With all the zeal of St. Patrick
driving the snakes out of Ireland, Bill Buckley, the most respected
conservative polemicist of his day, valiantly set out to exclude from the
American conservative movement anyone lingering in anti-Semitic political
hallways. He did so by publically rebuking leading conservatives, while
providing a standard to gage Anti-Semitism in his short book In Search of Anti-Semitism.

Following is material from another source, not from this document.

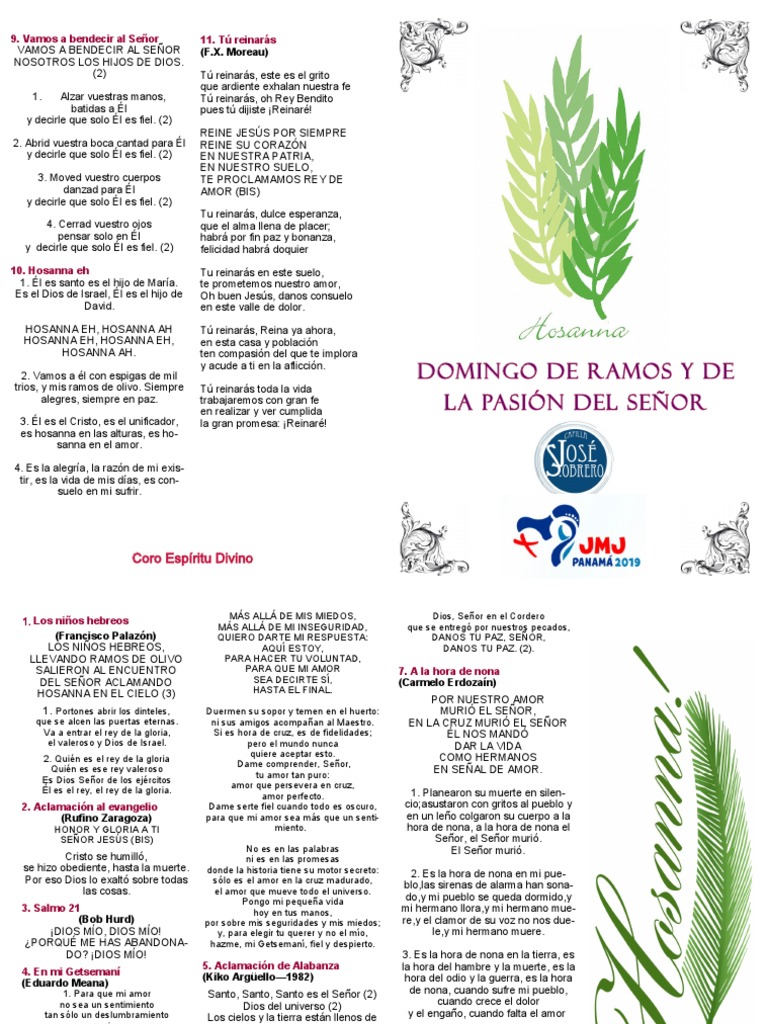 Librito de Cantos Domingo de Ramos 2018 Cristo (título) Amor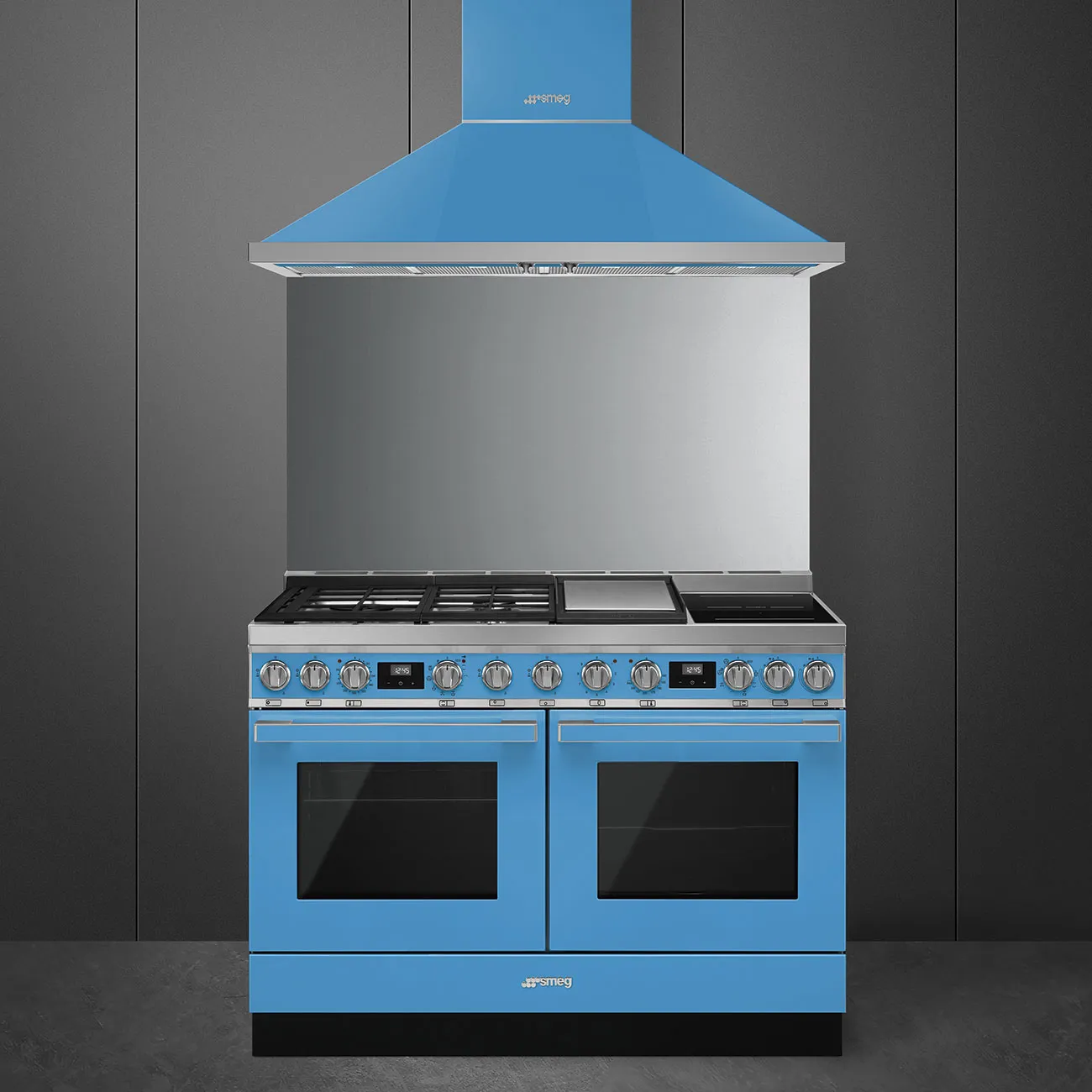SMEG קולט אדים 120 ס"מ צמוד קיר צבע תכלת סדרת Portofino תוצרת SMEG דגם KPF12T — תמונה 3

Moderate Democrats in Connecticut
– Lamont is reputed to be one – have not been as anxious to swab their decks of
immoderate elements. Lamont lacks the necessary passion to attack with energy disabling
extreme neo-progressive saboteurs in his party, a courtesy that may not be
returned in equal measure by Elliot in what may turn out to be a bruising
primary campaign.
Mamdani has shown
neo-progressives that they might ascend to power positions within a once
moderate Democrat Party provided they possess the requisite courage of their
convictions. Marx, Lenin and Stalin, the
Trinity of Soviet era socialism, were convinced, not without reason, that capitalists
would finance their purchase of the rope necessary to hang the capitalists, invariably
portrayed as the enemies of the working classes.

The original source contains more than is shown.